Prime Minister Stephen Harper is dismantling the institutions of Canadian democracy, Elizabeth May said at a freelance writers’ award luncheon on Friday.
She spoke about the need for eloquent communication at this critical time to combat “language vandals” and sloganeering. She called for, “The skill of writing and civil discourse instead of attacking people,” by taking words and phrases out of context.
May is Canada’s first and only Green Party MP. Last year Macleans named her Parliamentarian of the Year based on an Ipsos Reid survey of all members. She addressed the Professional Writers Association of Canada during their annual conference at MagNet 2013 last week. The author of seven books said writing is her favourite activity.
She acknowledged that her original support for Senate reform has changed. Harper has loaded the Senate with young individuals who will support his policies for a long time rather than thinking for themselves, she said. Now she is calling for the Senate to be eliminated.
She asked thoughtful writers to voice their concerns. Here are some of her points:
- “Being awash in statistics is not to be informed.”
- “Narrative is the greatest way to communicate ideas.”
- “Sensationalism will override information every time.”
- “Humour is an important tool in any political struggle.”

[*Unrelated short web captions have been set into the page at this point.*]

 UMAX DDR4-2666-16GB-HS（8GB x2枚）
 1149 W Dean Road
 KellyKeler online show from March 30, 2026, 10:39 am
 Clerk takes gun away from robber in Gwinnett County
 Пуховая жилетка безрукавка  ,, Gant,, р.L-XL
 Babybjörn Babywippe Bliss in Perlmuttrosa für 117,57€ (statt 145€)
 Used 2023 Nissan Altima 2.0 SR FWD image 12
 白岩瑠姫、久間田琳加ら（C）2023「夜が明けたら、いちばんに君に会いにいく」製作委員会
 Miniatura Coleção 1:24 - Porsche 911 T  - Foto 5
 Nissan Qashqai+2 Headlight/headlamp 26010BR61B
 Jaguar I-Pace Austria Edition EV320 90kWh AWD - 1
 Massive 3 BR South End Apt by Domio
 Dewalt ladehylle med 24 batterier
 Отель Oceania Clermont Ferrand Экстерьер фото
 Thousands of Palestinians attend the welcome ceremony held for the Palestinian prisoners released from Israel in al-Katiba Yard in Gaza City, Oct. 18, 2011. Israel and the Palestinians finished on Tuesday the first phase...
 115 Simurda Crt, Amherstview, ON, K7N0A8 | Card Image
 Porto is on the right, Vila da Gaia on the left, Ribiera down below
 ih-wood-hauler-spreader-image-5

She acknowledged that effective communication can miss the mark because people have short attention spans. However, she pointed out that not everyone needs to be convinced because a “critical mass” of just 15 to 20 per cent is required to change society.
She advocated some strategies to stimulate change:
- Introduce ideas about climate change in conversations with friends.
- Write 300-word letters to the editor.
- Most parents have a level of anxiety that’s “pressed below the surface,” she said; for people who are apathetic, talking about their children can help.
- Pay more attention to comment sections after online articles, where a few voices can have powerful impact.